Les médias français ont mis en lumière la transformation rapide en cours dans l’industrie aérospatiale marocaine, soulignant que le Royaume s’est imposé, au cours des deux dernières décennies, comme un pôle industriel mondial dans ce domaine. L’ambition de franchir une étape plus avancée est croissante : la production d’un moteur d’avion de fabrication locale d’ici 2030. Cette étape revêt une dimension stratégique qui dépasse la simple production et contribue au renforcement de la souveraineté industrielle. Selon un reportage de TV5 Monde, le Maroc a su bâtir un écosystème industriel intégré dans le secteur aérospatial, tirant parti de sa proximité géographique avec les marchés européens et de sa stabilité politique et institutionnelle, ce qui en fait une destination privilégiée pour les grandes entreprises internationales. Ce positionnement est le fruit d’une politique industrielle systématique mise en œuvre par le Royaume depuis le début du millénaire. Cette politique repose sur l’attraction des investissements directs étrangers, le développement de zones industrielles spécialisées et le développement des ressources humaines par le biais de programmes de formation professionnelle et technique. Le rapport indique que le dynamisme du secteur est soutenu par d’importants flux d’investissements, les principales entreprises aérospatiales mondiales injectant des capitaux substantiels.

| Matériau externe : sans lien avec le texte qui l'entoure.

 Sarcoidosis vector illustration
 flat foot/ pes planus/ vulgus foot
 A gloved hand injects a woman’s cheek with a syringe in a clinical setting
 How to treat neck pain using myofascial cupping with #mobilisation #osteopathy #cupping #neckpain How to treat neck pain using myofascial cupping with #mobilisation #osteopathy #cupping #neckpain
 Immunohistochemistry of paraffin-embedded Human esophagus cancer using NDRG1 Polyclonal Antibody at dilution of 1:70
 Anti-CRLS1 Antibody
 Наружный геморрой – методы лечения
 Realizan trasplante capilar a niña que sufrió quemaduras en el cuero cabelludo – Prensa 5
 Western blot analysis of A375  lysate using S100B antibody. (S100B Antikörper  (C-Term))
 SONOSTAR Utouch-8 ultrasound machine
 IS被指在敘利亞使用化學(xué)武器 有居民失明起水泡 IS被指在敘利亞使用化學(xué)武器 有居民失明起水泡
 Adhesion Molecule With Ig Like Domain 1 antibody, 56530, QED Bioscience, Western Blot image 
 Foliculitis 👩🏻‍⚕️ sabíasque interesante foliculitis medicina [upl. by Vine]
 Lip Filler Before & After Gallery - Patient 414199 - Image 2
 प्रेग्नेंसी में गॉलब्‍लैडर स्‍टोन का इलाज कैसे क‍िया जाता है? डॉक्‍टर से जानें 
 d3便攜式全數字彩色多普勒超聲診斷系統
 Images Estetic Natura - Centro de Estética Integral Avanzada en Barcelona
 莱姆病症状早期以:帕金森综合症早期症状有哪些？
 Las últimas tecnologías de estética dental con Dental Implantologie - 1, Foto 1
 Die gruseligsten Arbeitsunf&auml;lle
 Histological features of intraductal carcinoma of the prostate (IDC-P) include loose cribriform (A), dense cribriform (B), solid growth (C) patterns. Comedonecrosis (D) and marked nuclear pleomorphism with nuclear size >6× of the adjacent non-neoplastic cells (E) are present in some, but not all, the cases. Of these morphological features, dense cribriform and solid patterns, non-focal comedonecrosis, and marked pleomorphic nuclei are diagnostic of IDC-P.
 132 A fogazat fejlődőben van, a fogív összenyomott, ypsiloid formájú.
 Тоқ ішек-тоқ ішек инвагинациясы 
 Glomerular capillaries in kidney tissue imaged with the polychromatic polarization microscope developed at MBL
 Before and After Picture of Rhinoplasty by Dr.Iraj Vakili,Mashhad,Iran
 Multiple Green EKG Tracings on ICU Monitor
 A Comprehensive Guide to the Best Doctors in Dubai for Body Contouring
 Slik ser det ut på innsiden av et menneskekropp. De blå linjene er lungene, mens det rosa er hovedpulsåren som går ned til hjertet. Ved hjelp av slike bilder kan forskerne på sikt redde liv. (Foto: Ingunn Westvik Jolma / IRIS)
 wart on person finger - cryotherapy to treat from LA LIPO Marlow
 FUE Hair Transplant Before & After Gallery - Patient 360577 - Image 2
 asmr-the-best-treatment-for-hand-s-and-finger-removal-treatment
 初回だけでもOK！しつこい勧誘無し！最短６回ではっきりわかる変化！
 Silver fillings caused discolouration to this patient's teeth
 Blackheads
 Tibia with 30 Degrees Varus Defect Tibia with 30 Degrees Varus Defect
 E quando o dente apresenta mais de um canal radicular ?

Ceci a contribué au transfert de savoir-faire et de technologies et a renforcé les chaînes de production locales. Cette tendance a permis au Maroc de s’imposer comme un pôle industriel capable de produire des composants précis et complexes utilisés dans la construction aéronautique, renforçant ainsi son intégration aux chaînes de valeur mondiales de ce secteur hautement spécialisé. Comme le souligne le rapport, l’ambition du Maroc ne se limite plus à attirer les investissements ou à fabriquer des pièces d’aéronefs. Il vise désormais à acquérir des capacités industrielles de pointe, illustrées par le projet de production d’un moteur d’avion de fabrication locale d’ici 2030. Cette transformation représente un bond qualitatif dans la trajectoire de l’industrie nationale, compte tenu de la grande complexité technologique de la fabrication des moteurs d’avion, qui figure parmi les domaines les plus exigeants en matière de recherche, de développement et d’innovation. Cette orientation comporte de multiples implications, notamment la recherche par le Maroc d’une plus grande indépendance industrielle et d’une moindre dépendance technologique, ainsi que ses efforts pour accroître la valeur ajoutée du secteur industriel national.

Ce projet devrait également contribuer à la création d’emplois hautement qualifiés, à la stimulation de la recherche scientifique et au soutien de l’écosystème d’innovation, tout en renforçant l’attractivité du Royaume en tant que pôle industriel régional pour les industries de pointe. Parallèlement, cette ambition confronte le Maroc à des défis liés à la nécessité de développer son système de recherche et développement, de consolider ses partenariats technologiques, de garantir la pérennité des investissements et de s’adapter aux transformations mondiales du secteur aéronautique, notamment en matière de transition vers les énergies propres et l’innovation environnementale. En définitive, cette orientation reflète la transformation du Maroc, d’une plateforme industrielle de soutien à un acteur actif cherchant à acquérir les clés des technologies de pointe dans un contexte mondial de plus en plus concurrentiel. Le Royaume dispose ainsi d’une opportunité historique pour redéfinir sa place sur la carte internationale de l’industrie aérospatiale au cours de la prochaine décennie.